#### REQUIRED WORK:
Return, from the data that follows, each line that holds the word "Nike".

(Caption-style text data)
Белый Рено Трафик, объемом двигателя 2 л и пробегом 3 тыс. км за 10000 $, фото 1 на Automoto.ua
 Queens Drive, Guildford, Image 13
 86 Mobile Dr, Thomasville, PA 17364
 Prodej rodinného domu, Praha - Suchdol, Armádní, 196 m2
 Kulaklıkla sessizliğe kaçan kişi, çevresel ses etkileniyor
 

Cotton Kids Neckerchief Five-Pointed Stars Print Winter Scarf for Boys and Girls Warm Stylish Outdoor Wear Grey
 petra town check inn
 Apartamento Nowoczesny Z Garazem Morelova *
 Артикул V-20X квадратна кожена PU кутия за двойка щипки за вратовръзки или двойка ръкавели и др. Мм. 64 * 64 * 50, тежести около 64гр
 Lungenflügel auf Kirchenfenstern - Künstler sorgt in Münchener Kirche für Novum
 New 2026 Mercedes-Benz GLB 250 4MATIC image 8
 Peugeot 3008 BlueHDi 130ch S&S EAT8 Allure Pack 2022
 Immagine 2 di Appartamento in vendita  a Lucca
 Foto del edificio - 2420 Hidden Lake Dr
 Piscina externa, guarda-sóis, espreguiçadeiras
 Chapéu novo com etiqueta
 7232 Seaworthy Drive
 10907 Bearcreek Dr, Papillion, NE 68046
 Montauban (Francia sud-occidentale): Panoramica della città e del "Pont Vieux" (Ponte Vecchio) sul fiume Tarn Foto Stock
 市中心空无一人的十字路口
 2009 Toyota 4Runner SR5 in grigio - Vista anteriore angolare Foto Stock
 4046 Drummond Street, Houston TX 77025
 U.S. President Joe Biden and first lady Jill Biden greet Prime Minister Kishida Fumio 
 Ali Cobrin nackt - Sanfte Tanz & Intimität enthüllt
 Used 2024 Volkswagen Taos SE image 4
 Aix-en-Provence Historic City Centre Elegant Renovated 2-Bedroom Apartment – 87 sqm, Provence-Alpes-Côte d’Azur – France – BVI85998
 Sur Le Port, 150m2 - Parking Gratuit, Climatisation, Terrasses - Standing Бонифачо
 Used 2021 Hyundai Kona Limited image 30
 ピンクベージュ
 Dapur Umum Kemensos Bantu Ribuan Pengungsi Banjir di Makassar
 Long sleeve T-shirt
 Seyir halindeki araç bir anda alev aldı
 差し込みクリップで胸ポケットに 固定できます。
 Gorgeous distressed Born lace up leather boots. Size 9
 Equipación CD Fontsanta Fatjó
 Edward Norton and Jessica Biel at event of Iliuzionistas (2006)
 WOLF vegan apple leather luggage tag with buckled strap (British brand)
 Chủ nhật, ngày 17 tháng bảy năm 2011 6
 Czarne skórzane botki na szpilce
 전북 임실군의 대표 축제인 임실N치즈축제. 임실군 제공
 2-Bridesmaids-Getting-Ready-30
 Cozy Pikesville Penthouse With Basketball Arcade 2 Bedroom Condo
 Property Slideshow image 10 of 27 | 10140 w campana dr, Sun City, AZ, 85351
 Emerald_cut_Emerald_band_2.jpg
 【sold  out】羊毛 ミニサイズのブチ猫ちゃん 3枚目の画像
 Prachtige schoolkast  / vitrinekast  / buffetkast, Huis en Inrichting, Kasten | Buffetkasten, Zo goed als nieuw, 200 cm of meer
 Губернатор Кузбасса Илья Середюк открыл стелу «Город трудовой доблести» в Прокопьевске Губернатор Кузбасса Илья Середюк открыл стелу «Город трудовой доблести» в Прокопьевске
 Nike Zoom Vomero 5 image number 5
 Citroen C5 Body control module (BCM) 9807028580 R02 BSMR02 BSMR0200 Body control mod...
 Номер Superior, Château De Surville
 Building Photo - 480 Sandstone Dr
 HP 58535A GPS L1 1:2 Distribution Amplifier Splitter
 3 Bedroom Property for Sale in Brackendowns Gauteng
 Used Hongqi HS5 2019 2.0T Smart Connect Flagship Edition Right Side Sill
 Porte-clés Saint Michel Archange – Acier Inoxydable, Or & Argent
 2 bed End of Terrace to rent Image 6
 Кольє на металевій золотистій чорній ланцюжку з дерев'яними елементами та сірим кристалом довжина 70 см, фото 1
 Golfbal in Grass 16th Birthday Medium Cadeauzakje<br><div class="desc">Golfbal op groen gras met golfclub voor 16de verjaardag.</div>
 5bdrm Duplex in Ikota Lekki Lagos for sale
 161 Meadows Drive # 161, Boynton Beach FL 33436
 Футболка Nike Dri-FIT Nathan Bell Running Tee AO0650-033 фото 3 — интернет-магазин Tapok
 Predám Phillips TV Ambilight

#### RESPONSE AREA:
 Nike Zoom Vomero 5 image number 5
 Футболка Nike Dri-FIT Nathan Bell Running Tee AO0650-033 фото 3 — интернет-магазин Tapok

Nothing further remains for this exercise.